The steel beam acquired in 2011 is approximately 14 feet long and is 6,800 pounds. EMU’s president at the time, Susan Martin, was reading the New York Times one night and saw a story that artifacts from the World Trade Center would become available to institutions upon request. There were nearly 1,300 artifacts recovered, and EMU received one of them.
The process between requesting the artifact and getting confirmation that they got it lasted months. Acquiring the beam itself took almost a year to receive. EMU was told the beam was theirs if they could come pick it up from the New York Port Authority.
Head of the EMU physical plant at the time, John Donegan, and safety systems manager of the physical plant, Kevin Abbasse, were the two people who went to retrieve the beam. They took a flatbed truck from Ypsilanti to New York, N.Y. to pick up the beam. When arriving, a crane was brought in to retrieve it. They soon made their journey back to campus.
“For everyone it's an emotional thing to remember,” Walter Kraft, Vice President of Division of Communications at EMU, said. “We all knew the horrific circumstances that surround this beam.”
When stopping anywhere on the way back to Ypsilanti, people would approach the drivers about the beam. Many would want to touch the beam and would even cry seeing it. Everyone, including the drivers, were emotionally affected by this artifact.
The steel beam that the university received is from the 74th floor of the south tower, four floors below where the second plane crashed into the tower.
A committee consisting of faculty, staff, and others was created to find the perfect placement for the beam on EMU’s campus, putting a lot of thought and time into how to present this artifact. Originally, the plan was to place the beam outside of the university’s Halle Library. But after the committee was concluded, it was decided that they would build Pease park for the memorial.
The space around the Pease auditorium was quiet and accessible to all, being a major goal for the artifact. Another goal for the placement of the beam was to have it visible to not only the campus community, but to the surrounding community of Ypsilanti, and creating Pease Park was the perfect setting for that.
“We want people to be able to feel it,” Kraft said. “We wanted it to be accessible and touchable.”
When going to the edges of the beam, you can where it's been melted. This shows the force of the building collapsing by how it effected a large steel beam.

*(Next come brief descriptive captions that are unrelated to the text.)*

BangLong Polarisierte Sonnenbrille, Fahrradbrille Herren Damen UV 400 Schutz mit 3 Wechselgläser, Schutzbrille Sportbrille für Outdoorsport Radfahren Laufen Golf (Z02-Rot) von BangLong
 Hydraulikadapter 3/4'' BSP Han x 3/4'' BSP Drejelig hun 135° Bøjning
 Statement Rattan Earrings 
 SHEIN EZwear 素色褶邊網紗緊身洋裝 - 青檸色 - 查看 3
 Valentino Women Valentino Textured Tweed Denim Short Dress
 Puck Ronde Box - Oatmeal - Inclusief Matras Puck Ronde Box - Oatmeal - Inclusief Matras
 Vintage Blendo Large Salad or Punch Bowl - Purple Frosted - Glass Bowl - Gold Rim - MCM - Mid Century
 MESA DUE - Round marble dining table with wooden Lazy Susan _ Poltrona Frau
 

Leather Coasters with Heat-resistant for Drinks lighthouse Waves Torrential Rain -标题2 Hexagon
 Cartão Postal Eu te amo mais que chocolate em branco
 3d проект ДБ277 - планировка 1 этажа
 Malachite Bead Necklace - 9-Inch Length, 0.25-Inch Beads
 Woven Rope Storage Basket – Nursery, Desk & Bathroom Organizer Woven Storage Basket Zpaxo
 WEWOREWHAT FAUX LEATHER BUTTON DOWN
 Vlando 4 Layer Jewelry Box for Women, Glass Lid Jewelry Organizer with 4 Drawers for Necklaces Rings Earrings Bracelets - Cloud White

“We maintain the grounds, we maintain the pedestal that the beam is placed on, but we intentionally do not do anything to the beam to preserve it,” Kraft said. “It's a steel beam so it will be preserved for as long as it's there, and we want people to see it authentically.”
The pedestal the beam is placed on is engraved with a message about those who lost their lives on Sept. 11.
“In honor of the many lives lost in the attacks of September 11, 2001, and to recall the courage shown by so many on that day we solemnly place this memorial here may we forever remember their lives and their courage.”
The university plans to hold events in the future for 9/11 on milestone years rather than every year. They plan for an event in 2026 for the 25th anniversary of the attacks.
“I think it's important that we all never forget that day,” Kraft said. “It's a reminder of what happened and how precious freedom is and how precious life is, and is important for us to remember.”